SONOITA Camp Verde, Kentucky Camp, Camp Tontozona ... two of these three camps are well known in Arizona. The other is not.

Located 7 miles northwest of Sonoita in the Nogales Ranger District of the Coronado National Forest, Kentucky Camp offers an interesting glimpse at history and serves as a great base for exploring area ghost towns, bird-watching or hiking among the cool, rolling grasslands surrounding the Santa Rita Mountains.

Originally constructed for placer gold-mining, the spacious headquarters, humble cabin and other adobe structures of the camp are remnants of the Santa Rita Water & Mining Co., which was established in 1902.

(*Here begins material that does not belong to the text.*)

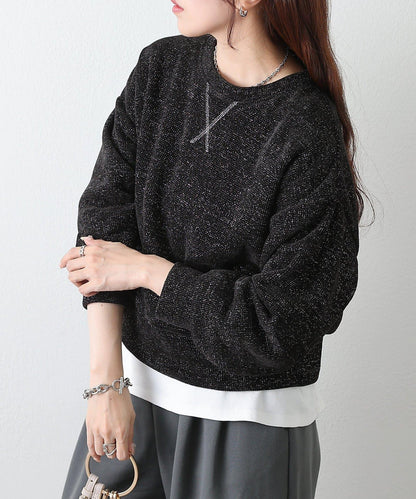 亮片紗線圓領套頭衫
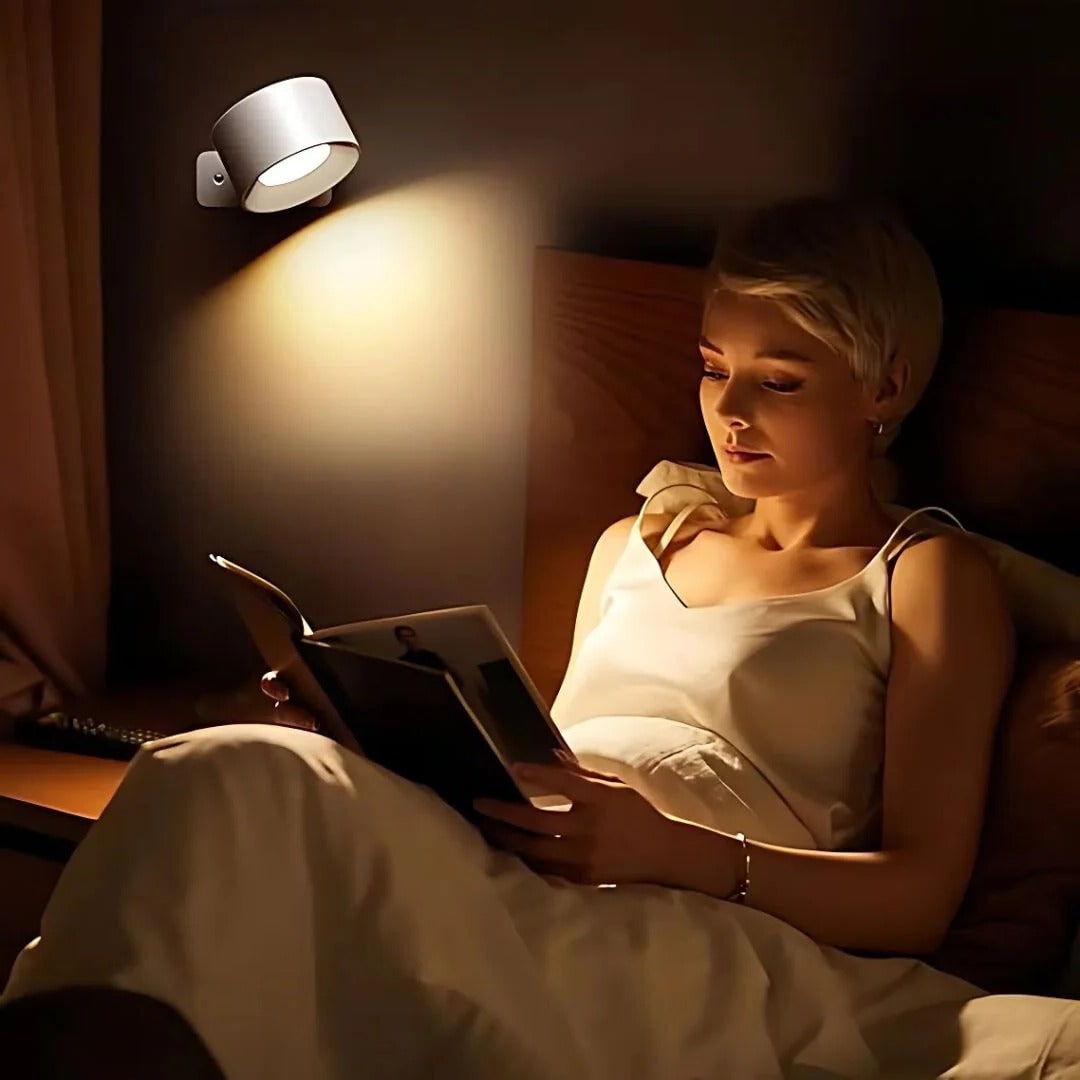 Rechargeable Wall Sconce with Modern Cordless LED Lighting and 360° Magnetic Rotation Lamp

Mining engineer James Stetson came up with the idea of piping water from 8 miles away to make the operation work. Partnering with investor George McAneny, Stetson built a network of canals and tunnels to rollercoaster water across drainages to the processing pits at Kentucky Camp. In the spring of 1904, he hit the mother lode, so to speak, thanks to heavy rainfall that filled the canals and reservoirs. By Christmas, “many thousands of dollars’ worth of gold had been taken,” said William Phipps Blake, a renowned geologist and Stetson’s colleague. The operation was a success.

The following spring, however, things went downhill. Literally. On May 20, 1904, while in Tucson for a stockholders’ meeting, Stetson fell to his death from the third-story window of his room at the Santa Rita Hotel. Meanwhile, McAneny was mired in a bitter divorce, which tied up his finances. As a result, the short-lived mining venture collapsed, and after McAneny died in 1909, the complex landed in the hands of Louis Hummel, McAneny’s family attorney. Hummel eventually turned the camp into a cattle ranch, where the adobe buildings and water facilities served the operation well into the 1960s.

Since 1991, the Coronado National Forest, with help from Friends of Kentucky Camp, Passport in Time volunteers and the Instituto Nacional de Antropología y Historia of Hermosillo, Mexico, has been working to restore the site. And every October, Friends of Kentucky Camp hosts an annual open house, during which visitors can tour the buildings, walk the gulches, watch gold-panning demonstrations and learn about adobe brick-making. This year’s event takes place on October 10.